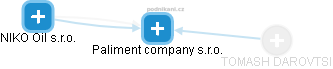 Paliment company s.r.o. - náhled vizuálního zobrazení vztahů obchodního rejstříku
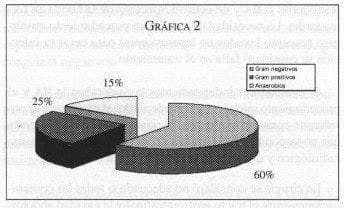 Gérmenes aislados en la IIA en 71 aislamientos Gérmenes aislados en la IIA en 71 aislamientos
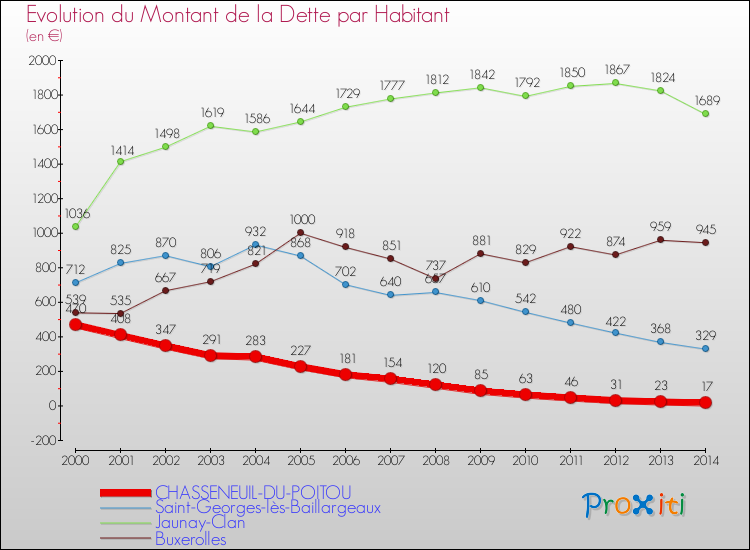 Evolution de la dette par habitant pour la commune de CHASSENEUIL-DU-POITOU et les communes proches de 2000 à 2014 Comparaison de la dette par habitant pour CHASSENEUIL-DU-POITOU et les communes voisines de 2000 à 2014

-=-=-=-=-

Task to carry out -
The task calls for duplicating the data exactly, with no images kept.

Answer to the problem -
 Paliment company s.r.o. - náhled vizuálního zobrazení vztahů obchodního rejstříku
 Gérmenes aislados en la IIA en 71 aislamientos Gérmenes aislados en la IIA en 71 aislamientos
 Evolution de la dette par habitant pour la commune de CHASSENEUIL-DU-POITOU et les communes proches de 2000 à 2014 Comparaison de la dette par habitant pour CHASSENEUIL-DU-POITOU et les communes voisines de 2000 à 2014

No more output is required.